Given material:
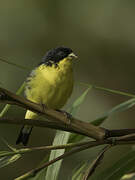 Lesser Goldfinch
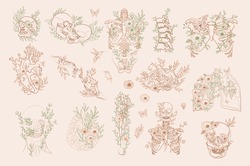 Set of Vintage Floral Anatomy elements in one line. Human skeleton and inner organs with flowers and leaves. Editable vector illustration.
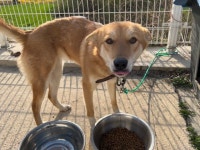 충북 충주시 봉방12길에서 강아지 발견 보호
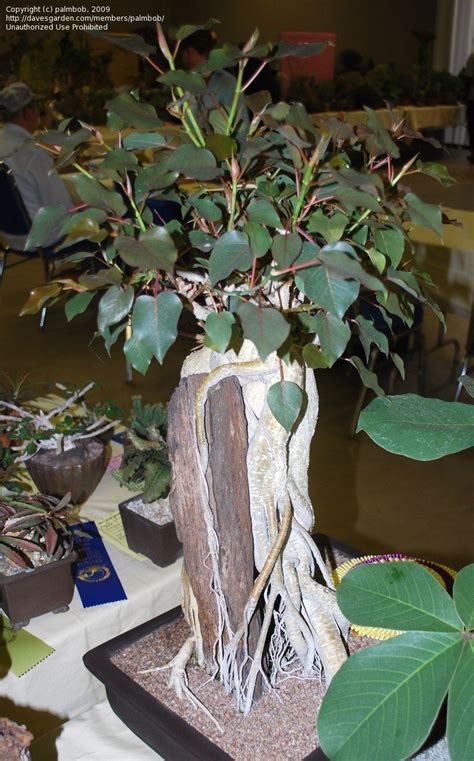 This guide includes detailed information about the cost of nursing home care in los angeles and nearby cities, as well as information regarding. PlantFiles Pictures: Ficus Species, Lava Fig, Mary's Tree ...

How to complete this task:
Produce the material above again in full, with identical lines and no pictures.

Exercise solution:
 Lesser Goldfinch
 Set of Vintage Floral Anatomy elements in one line. Human skeleton and inner organs with flowers and leaves. Editable vector illustration.
 충북 충주시 봉방12길에서 강아지 발견 보호
 This guide includes detailed information about the cost of nursing home care in los angeles and nearby cities, as well as information regarding. PlantFiles Pictures: Ficus Species, Lava Fig, Mary's Tree ...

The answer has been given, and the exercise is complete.